[PROBLEM STATEMENT]
The answer must be an exact copy of the lines from the one with "I want to show" through the final line below, with no pictures and nothing else.
GIVEN ENTRIES: Begin
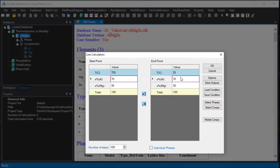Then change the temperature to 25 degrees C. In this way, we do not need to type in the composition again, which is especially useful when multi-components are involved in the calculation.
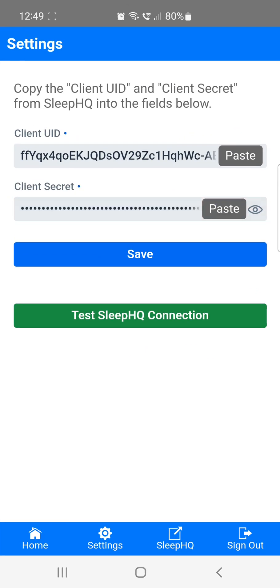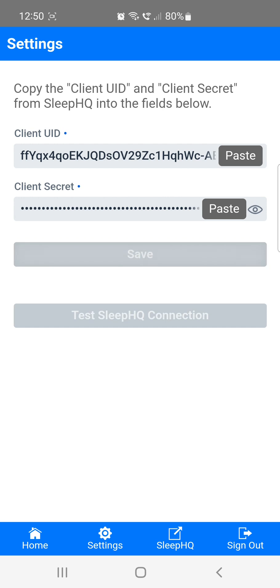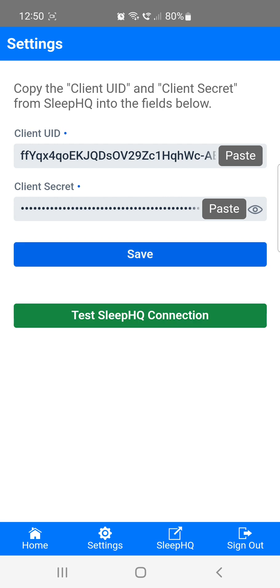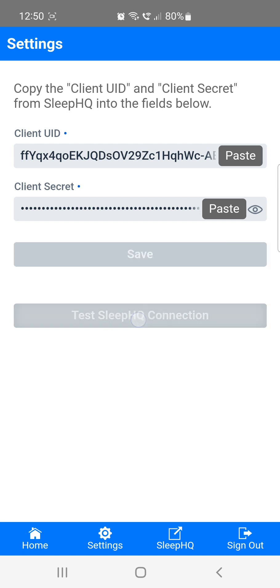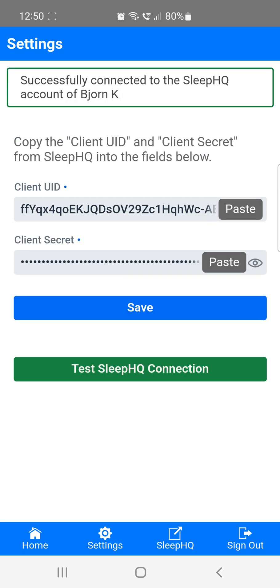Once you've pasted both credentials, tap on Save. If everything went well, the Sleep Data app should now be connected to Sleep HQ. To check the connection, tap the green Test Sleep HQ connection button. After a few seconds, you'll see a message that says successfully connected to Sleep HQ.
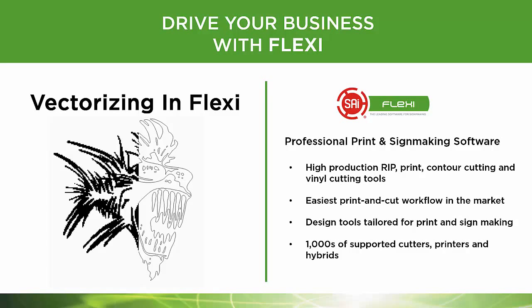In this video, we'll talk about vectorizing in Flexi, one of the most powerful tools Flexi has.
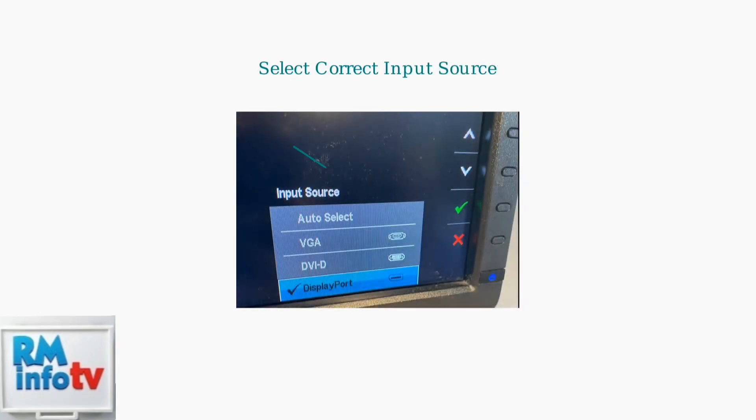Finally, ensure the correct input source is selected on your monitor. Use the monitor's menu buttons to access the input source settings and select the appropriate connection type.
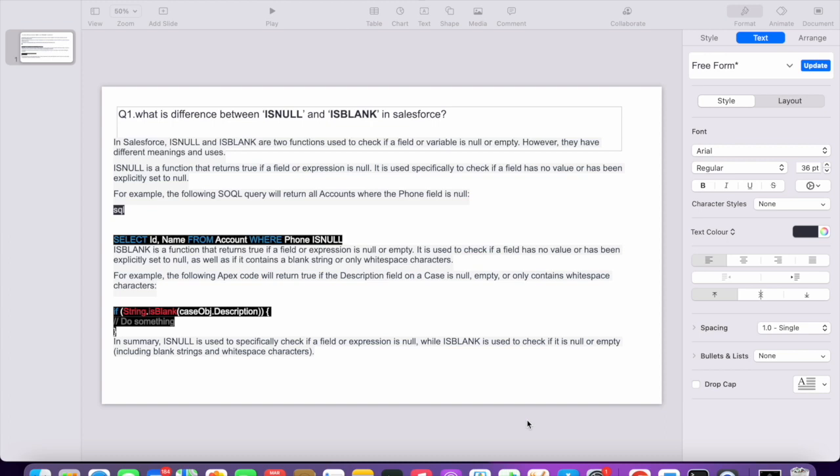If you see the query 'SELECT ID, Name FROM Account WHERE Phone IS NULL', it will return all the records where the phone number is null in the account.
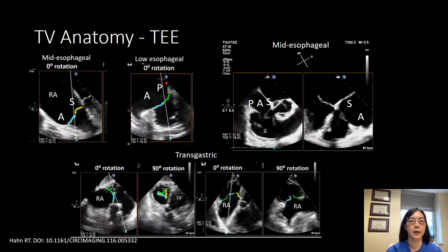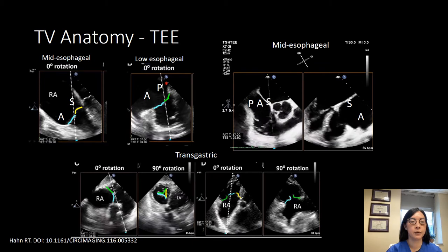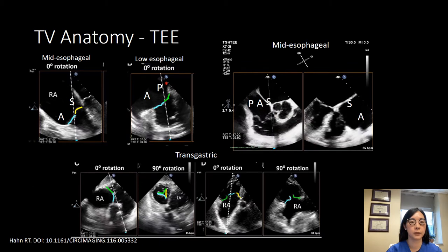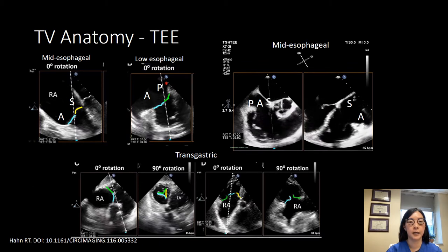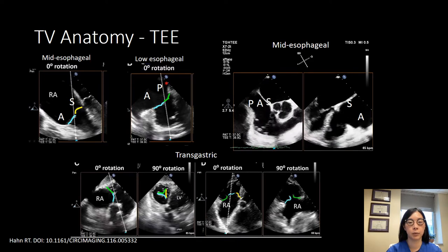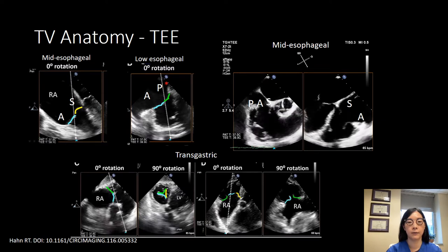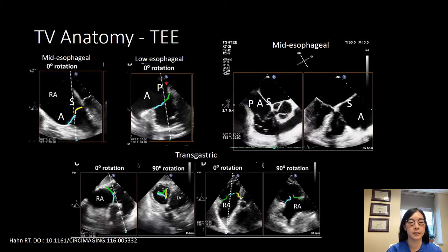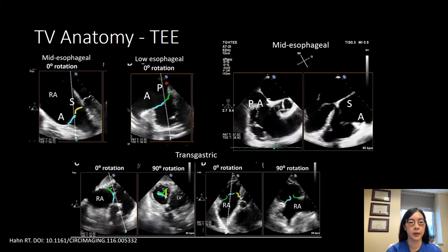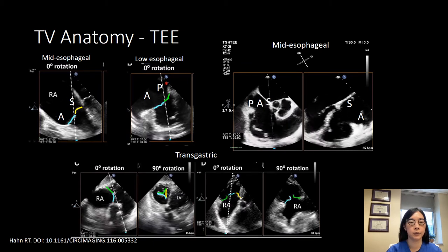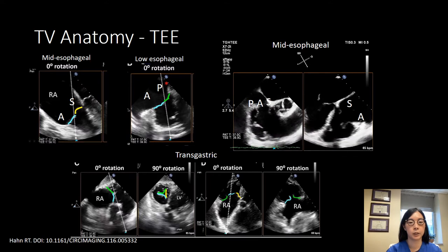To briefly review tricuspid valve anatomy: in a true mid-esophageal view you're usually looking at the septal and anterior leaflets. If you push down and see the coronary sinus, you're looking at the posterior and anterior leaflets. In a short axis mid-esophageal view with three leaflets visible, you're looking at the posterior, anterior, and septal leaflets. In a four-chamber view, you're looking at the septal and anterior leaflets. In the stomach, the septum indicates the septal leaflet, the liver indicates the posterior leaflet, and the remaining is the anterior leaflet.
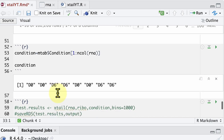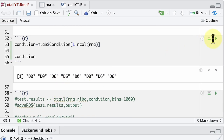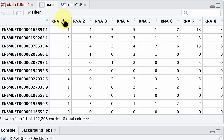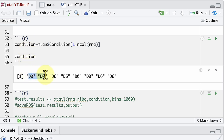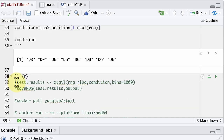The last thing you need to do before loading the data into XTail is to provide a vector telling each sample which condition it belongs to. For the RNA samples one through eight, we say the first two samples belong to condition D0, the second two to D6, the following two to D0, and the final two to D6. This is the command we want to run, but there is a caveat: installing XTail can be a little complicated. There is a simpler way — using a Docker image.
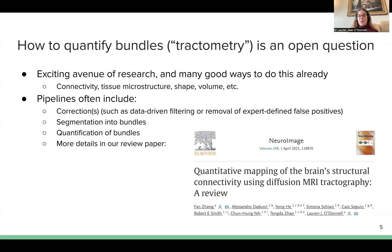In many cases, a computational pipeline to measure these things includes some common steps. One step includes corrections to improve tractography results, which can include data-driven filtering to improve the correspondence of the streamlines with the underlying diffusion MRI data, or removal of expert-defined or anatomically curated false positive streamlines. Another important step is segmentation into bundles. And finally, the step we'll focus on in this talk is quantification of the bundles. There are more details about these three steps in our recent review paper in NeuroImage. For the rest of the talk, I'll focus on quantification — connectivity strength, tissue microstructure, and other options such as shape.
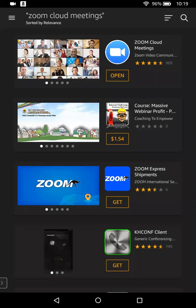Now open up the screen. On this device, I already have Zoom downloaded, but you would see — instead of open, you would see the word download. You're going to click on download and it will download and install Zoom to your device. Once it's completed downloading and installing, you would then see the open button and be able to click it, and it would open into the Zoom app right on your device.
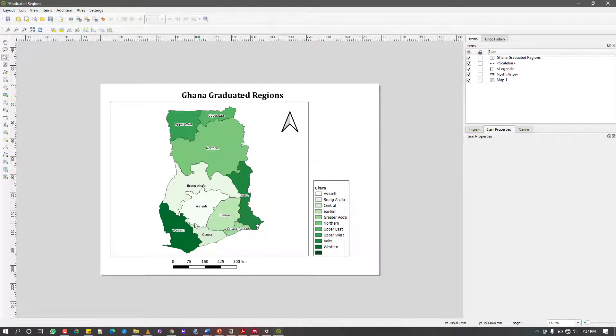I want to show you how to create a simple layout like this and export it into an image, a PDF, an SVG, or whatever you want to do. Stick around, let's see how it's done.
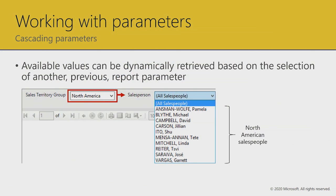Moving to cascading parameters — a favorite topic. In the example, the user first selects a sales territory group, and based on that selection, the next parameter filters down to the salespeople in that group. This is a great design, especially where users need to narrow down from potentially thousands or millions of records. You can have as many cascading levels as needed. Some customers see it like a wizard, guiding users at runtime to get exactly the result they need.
GIVEN ENTRIES: End
[ANSWER SPACE]
I want to show you how to create a simple layout like this and export it into an image, a PDF, an SVG, or whatever you want to do. Stick around, let's see how it's done.
Moving to cascading parameters — a favorite topic. In the example, the user first selects a sales territory group, and based on that selection, the next parameter filters down to the salespeople in that group. This is a great design, especially where users need to narrow down from potentially thousands or millions of records. You can have as many cascading levels as needed. Some customers see it like a wizard, guiding users at runtime to get exactly the result they need.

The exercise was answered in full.